» **PROBLEM STATEMENT**: Whenever a line in the data holds the string "home", copy that line.

» **THE INPUT**:
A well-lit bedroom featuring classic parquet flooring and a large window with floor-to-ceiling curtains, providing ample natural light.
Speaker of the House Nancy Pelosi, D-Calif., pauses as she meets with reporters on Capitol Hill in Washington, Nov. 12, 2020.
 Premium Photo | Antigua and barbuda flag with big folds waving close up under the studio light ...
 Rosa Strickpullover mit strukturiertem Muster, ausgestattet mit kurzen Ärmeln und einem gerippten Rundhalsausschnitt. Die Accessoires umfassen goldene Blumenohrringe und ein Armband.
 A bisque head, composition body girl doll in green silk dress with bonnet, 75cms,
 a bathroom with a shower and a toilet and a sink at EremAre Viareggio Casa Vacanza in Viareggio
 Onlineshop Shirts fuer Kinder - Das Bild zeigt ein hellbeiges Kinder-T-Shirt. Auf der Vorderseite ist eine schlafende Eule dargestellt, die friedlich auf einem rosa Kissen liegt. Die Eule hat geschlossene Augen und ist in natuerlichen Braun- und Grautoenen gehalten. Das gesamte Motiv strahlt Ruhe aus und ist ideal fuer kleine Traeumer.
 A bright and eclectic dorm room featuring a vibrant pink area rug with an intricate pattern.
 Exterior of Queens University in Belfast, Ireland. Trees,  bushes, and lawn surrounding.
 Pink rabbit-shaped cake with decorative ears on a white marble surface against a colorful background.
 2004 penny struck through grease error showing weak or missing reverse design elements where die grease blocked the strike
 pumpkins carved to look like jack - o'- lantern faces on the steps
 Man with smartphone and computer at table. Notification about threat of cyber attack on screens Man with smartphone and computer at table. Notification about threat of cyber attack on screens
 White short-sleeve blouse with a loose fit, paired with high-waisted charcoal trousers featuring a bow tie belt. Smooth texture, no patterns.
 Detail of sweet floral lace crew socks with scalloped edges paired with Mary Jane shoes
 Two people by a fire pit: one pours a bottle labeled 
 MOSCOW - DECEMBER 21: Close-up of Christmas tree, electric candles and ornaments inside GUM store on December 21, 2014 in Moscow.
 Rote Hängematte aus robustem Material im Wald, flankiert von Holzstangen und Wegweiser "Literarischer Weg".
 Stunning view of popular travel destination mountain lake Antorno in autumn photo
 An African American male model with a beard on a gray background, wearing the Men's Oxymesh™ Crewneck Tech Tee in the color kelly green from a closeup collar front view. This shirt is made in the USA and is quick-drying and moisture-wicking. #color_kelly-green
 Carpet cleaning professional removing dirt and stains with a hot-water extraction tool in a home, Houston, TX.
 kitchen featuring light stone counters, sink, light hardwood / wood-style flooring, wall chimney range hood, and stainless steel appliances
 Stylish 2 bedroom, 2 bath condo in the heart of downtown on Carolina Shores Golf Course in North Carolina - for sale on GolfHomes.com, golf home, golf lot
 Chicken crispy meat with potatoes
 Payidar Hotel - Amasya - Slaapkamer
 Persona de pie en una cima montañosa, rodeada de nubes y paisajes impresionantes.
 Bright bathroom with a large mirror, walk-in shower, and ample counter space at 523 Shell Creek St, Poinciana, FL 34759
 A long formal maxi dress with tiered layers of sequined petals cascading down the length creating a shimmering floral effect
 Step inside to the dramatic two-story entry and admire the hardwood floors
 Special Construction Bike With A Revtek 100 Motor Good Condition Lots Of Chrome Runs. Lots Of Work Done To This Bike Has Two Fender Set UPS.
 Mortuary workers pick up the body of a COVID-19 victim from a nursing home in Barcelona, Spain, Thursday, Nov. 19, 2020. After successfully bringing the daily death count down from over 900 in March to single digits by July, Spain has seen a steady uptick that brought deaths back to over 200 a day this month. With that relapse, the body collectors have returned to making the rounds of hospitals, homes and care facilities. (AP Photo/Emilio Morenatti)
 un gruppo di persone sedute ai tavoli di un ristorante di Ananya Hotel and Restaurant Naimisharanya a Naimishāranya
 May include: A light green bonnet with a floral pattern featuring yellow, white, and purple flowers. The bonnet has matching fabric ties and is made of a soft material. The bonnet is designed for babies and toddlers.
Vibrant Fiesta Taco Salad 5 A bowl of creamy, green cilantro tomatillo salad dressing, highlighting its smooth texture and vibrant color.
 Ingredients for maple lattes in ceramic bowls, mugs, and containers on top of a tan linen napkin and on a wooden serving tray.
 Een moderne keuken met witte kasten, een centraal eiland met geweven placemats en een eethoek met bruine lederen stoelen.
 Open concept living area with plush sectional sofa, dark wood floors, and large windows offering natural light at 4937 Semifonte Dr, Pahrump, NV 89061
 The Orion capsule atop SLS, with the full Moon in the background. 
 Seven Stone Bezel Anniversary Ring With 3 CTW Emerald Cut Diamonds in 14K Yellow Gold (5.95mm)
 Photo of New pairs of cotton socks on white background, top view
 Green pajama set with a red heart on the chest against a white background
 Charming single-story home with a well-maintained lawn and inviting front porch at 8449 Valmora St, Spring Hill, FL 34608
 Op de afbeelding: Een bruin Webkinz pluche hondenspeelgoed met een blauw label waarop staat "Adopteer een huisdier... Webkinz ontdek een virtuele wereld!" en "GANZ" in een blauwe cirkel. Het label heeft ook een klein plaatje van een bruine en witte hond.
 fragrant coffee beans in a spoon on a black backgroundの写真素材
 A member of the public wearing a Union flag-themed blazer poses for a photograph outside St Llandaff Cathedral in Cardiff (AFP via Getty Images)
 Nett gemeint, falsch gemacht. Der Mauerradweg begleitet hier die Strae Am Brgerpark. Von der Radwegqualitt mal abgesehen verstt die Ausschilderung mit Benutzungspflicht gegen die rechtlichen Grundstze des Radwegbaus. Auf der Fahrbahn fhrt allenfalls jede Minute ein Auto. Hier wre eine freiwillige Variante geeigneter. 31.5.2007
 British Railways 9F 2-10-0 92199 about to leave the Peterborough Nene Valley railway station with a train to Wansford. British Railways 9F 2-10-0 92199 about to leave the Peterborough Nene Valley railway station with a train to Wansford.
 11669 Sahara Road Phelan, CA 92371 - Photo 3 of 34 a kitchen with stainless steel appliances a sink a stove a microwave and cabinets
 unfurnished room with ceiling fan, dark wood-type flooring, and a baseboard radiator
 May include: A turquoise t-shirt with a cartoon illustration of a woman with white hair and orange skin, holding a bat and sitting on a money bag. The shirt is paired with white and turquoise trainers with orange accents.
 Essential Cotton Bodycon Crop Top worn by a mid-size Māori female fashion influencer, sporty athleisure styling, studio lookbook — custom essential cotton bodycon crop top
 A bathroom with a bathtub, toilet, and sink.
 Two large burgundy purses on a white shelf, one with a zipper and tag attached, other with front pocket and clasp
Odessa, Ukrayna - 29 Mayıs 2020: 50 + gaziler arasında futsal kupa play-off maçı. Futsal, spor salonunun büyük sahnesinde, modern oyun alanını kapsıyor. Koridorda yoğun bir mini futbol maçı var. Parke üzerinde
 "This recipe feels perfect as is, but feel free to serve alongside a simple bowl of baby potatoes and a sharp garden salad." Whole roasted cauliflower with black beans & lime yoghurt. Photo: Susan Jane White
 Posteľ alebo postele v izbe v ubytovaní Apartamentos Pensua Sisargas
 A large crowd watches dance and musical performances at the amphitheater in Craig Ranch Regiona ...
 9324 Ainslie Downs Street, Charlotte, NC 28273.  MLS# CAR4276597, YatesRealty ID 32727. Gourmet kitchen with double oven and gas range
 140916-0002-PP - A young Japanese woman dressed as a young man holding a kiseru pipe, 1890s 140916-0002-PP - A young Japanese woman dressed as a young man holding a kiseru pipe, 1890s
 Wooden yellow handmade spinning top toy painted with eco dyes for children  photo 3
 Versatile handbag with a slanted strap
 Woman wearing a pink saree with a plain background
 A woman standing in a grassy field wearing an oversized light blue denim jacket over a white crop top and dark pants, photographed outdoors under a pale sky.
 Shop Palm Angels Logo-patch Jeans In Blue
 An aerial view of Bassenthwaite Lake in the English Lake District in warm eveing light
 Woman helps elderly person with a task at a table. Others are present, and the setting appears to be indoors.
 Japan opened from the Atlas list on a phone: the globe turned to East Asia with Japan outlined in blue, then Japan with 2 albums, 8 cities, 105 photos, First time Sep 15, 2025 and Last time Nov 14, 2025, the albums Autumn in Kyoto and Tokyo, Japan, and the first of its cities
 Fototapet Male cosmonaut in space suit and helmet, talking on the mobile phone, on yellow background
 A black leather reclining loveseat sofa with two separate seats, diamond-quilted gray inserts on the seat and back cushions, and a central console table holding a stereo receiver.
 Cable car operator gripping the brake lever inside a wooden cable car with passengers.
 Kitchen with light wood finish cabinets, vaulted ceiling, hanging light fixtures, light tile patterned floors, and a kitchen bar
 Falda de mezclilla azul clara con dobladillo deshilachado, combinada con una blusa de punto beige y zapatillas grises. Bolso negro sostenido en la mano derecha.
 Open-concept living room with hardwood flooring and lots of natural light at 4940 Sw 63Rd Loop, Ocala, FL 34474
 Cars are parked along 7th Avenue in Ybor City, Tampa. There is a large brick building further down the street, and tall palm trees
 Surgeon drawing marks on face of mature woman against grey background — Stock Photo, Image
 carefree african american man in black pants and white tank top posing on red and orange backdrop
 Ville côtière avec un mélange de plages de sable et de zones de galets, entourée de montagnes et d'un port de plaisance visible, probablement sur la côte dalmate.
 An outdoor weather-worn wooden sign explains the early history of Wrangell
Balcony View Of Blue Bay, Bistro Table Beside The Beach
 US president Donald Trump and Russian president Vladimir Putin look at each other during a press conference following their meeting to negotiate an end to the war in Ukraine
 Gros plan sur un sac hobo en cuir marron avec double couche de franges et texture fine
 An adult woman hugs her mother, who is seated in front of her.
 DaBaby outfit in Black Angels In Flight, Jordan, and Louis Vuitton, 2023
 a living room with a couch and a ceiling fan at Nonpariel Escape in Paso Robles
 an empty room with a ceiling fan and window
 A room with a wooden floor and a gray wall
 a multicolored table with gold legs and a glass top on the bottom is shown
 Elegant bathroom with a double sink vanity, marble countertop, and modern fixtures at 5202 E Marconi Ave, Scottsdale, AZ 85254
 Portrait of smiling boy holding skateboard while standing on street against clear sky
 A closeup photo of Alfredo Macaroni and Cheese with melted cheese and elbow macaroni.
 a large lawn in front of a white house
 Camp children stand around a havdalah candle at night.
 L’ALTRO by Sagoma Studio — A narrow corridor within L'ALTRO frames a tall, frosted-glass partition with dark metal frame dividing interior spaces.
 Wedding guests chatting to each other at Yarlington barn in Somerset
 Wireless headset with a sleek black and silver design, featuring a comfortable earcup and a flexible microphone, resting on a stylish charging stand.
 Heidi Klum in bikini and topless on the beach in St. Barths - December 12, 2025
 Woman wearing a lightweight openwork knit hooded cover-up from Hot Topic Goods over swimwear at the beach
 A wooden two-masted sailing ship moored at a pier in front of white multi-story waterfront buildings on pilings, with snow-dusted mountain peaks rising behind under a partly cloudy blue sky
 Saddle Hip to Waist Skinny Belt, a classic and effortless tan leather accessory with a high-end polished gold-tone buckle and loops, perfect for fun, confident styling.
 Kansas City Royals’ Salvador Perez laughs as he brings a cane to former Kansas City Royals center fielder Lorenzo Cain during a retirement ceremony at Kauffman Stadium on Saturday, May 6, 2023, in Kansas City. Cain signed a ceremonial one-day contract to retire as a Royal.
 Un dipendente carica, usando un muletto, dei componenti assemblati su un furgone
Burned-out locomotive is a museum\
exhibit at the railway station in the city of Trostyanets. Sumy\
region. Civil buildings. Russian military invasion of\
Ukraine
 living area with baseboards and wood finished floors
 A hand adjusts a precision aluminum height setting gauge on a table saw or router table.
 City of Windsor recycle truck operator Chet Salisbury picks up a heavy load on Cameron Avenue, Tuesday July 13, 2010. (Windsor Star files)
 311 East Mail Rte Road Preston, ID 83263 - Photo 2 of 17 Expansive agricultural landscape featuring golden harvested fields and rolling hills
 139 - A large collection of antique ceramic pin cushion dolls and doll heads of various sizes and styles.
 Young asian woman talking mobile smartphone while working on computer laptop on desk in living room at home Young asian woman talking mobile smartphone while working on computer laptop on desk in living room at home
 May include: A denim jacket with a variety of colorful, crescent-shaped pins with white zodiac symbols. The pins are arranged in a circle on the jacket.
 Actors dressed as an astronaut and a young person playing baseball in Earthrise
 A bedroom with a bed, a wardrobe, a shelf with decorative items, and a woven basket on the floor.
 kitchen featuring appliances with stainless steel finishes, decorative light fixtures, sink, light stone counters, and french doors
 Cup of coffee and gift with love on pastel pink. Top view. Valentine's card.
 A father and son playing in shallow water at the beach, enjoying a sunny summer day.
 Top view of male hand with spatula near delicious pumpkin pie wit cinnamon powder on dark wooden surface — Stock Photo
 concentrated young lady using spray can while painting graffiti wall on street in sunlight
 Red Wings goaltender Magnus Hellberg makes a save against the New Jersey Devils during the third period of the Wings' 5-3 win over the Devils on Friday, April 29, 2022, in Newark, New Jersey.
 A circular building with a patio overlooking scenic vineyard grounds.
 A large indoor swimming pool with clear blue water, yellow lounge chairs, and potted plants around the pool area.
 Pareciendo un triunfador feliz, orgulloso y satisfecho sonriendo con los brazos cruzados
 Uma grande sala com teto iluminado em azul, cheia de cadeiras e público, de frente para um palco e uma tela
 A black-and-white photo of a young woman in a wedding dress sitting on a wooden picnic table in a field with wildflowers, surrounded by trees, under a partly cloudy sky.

» **RESPONSE AREA**:
 Carpet cleaning professional removing dirt and stains with a hot-water extraction tool in a home, Houston, TX.
 Stylish 2 bedroom, 2 bath condo in the heart of downtown on Carolina Shores Golf Course in North Carolina - for sale on GolfHomes.com, golf home, golf lot
 Mortuary workers pick up the body of a COVID-19 victim from a nursing home in Barcelona, Spain, Thursday, Nov. 19, 2020. After successfully bringing the daily death count down from over 900 in March to single digits by July, Spain has seen a steady uptick that brought deaths back to over 200 a day this month. With that relapse, the body collectors have returned to making the rounds of hospitals, homes and care facilities. (AP Photo/Emilio Morenatti)
 Charming single-story home with a well-maintained lawn and inviting front porch at 8449 Valmora St, Spring Hill, FL 34608
 Young asian woman talking mobile smartphone while working on computer laptop on desk in living room at home Young asian woman talking mobile smartphone while working on computer laptop on desk in living room at home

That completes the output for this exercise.